Fischer, P., Gramlich, J., Miller, B. P., and White, H. (2009). Investor Perceptions of Board Performance: Evidence from Uncontested Director Elections. Journal of Accounting and Economics, 48(2-3), 172-189.
This paper provides evidence that uncontested director elections provide informative polls of investor perceptions regarding board performance. We find that higher (lower) vote approval is associated with lower (higher) stock price reactions to subsequent announcements of management turnovers. In addition, firms with low vote approval are more likely to experience CEO turnover, greater board turnover, lower CEO compensation, fewer and better received acquisitions, and more and better received divestitures in the future. These findings hold after controlling for other variables reflecting or determining investor perceptions, suggesting that elections not only inform as a summary statistic, but incrementally inform as well.
Hennes, K., Leone, A., and Miller, B. P. (2008). The Importance of Distinguishing Errors from Irregularities in Restatement Research: The Case of Restatements and CEO/CFO Turnover. The Accounting Review, 83(6), 1487-1519.

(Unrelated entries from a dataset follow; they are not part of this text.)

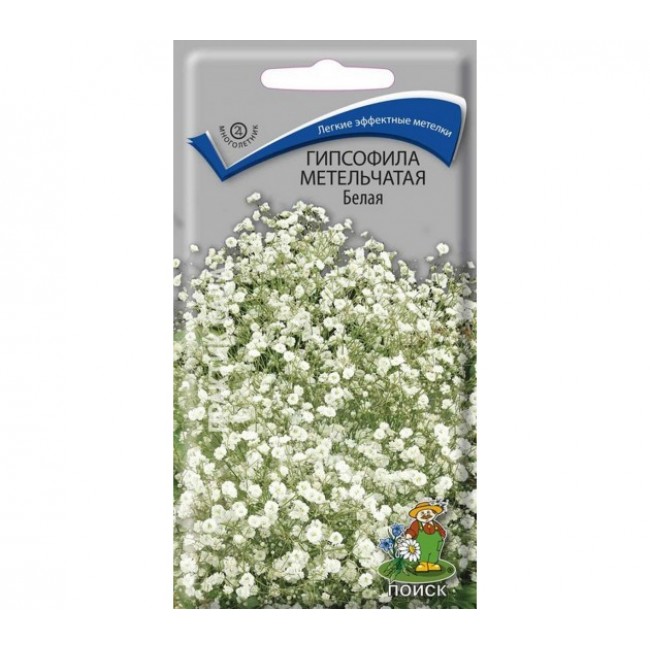 Превью изображения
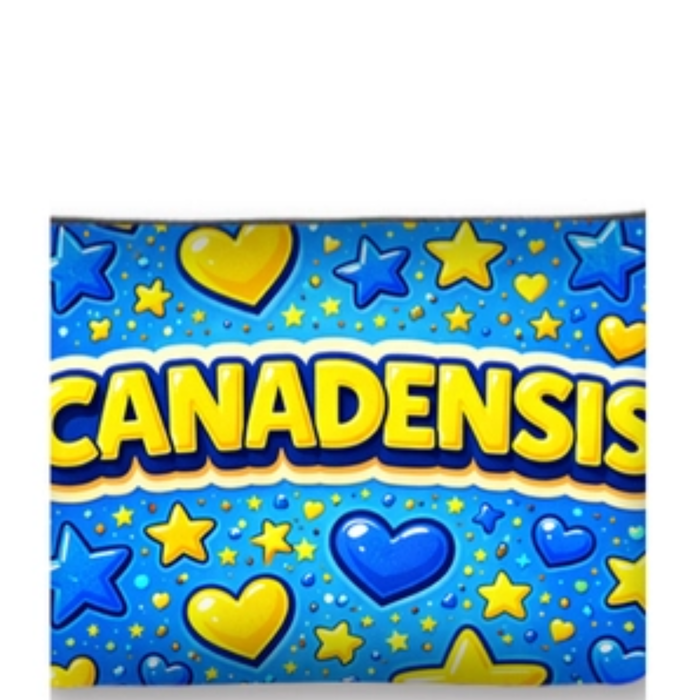 Colorful Bubble Camp Pouches from a private label, featuring a playful design and durable material for versatile storage.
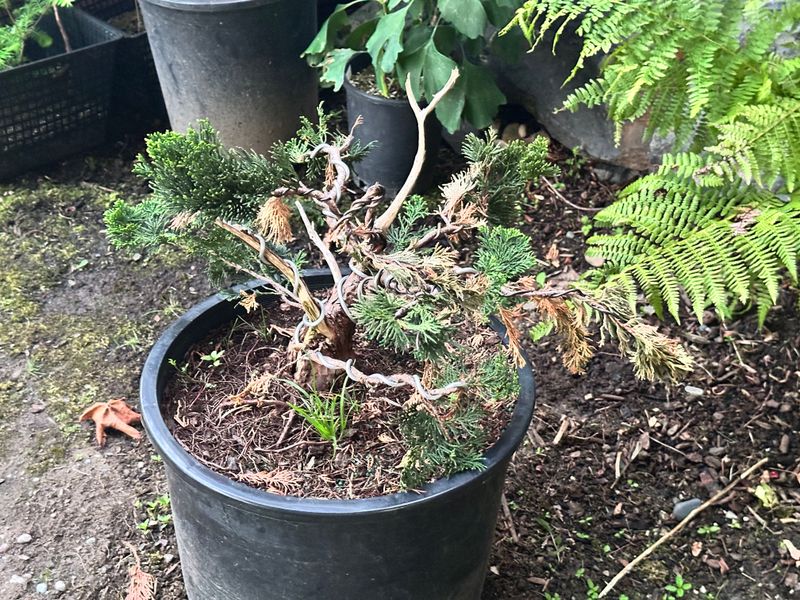 Juniper Kishu 4 — Observation — 2025-07-14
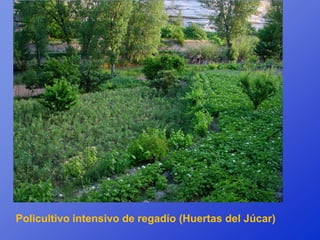 Policultivo intensivo de regadío (Huertas del Júcar)
 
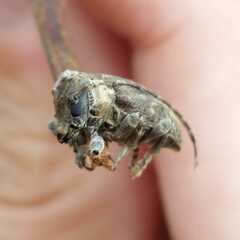 Aerenea brunnea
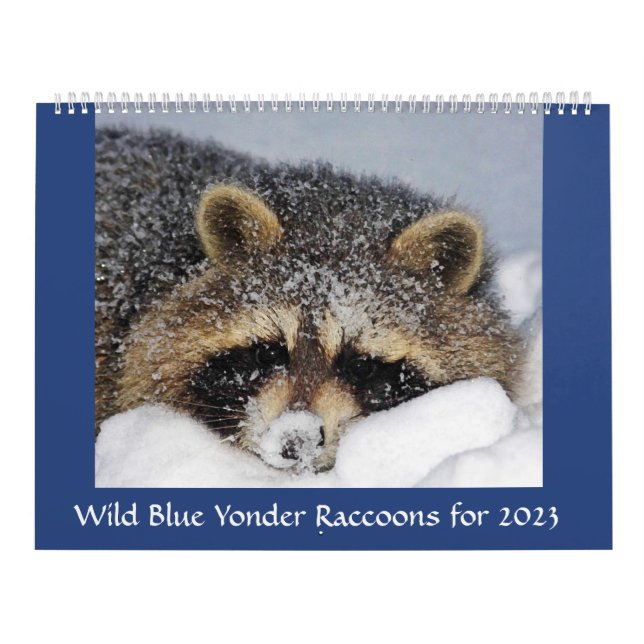 Racoon Rescue & Release at Wild Blue Yonder 2023 Calendar (Cover)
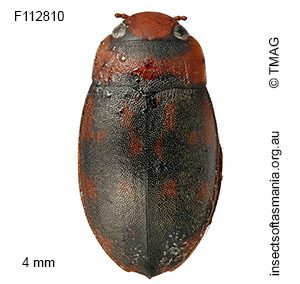 Sternopriscus clavatus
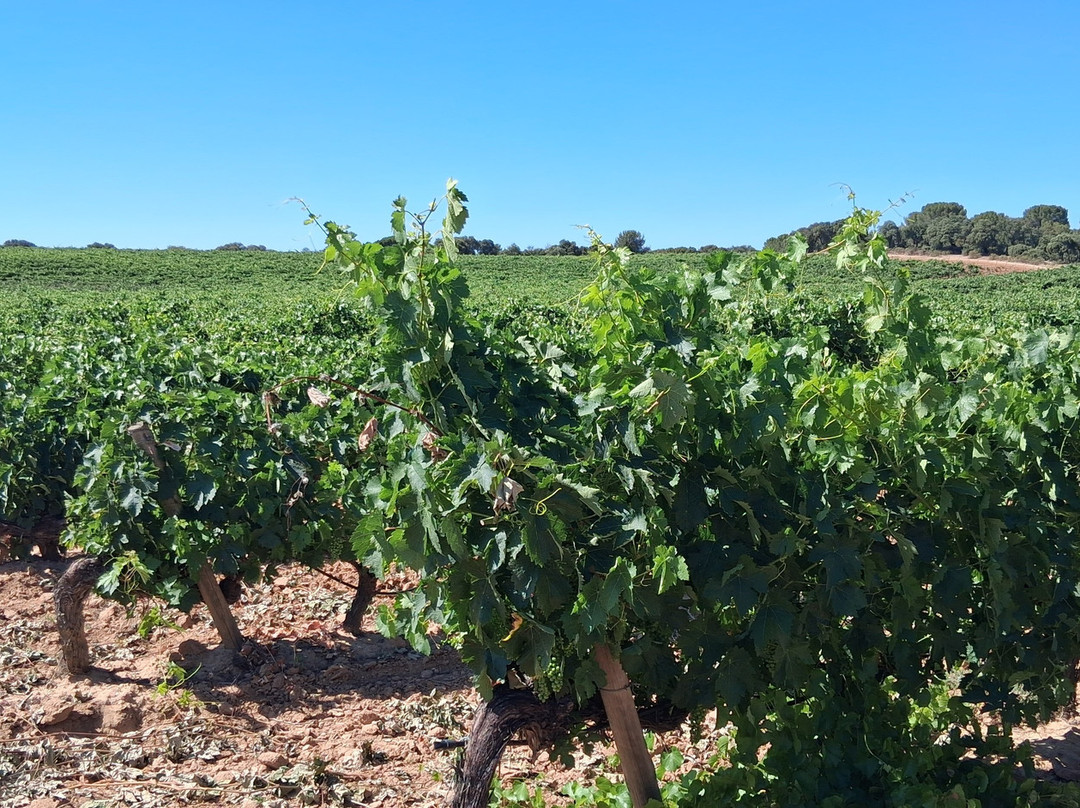 Bodegas Y Vinedos PradoRey-Gumiel Del Mercado必去景点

Research on restatements has grown significantly in recent years. Many of these studies test hypotheses about the causes and consequences of intentional managerial misreporting but rely on restatement data (such as the GAO database) that contains both irregularities (intentional misstatements) and errors (unintentional misstatements). We argue that researchers can significantly enhance the power of tests related to restatements by distinguishing between errors and irregularities, particularly in recent periods when the relative frequency of error-related restatements is increasing. Based on prior research, the reading of numerous restatement announcements, and the guidance boards receive from lawyers, auditors, and the SEC on how to respond to suspicions of deliberate misreporting, we propose a straightforward procedure for classifying restatements as either errors or irregularities. We validate our procedure by showing that most of the restatements we classify as irregularities are followed by fraud-related class action lawsuits compared to only one lawsuit in the group of restatements classified as errors. As further validation of our proxy, we report that the market reaction to the restatement announcement for our irregularities sample (-14%) is also significantly more negative than it is for our errors sample (-2%). Finally, we demonstrate the importance of distinguishing errors from irregularities by showing the impact it has on inferences about the relation between restatements and CEO/CFO turnover even when controlling for the magnitude of the restatement.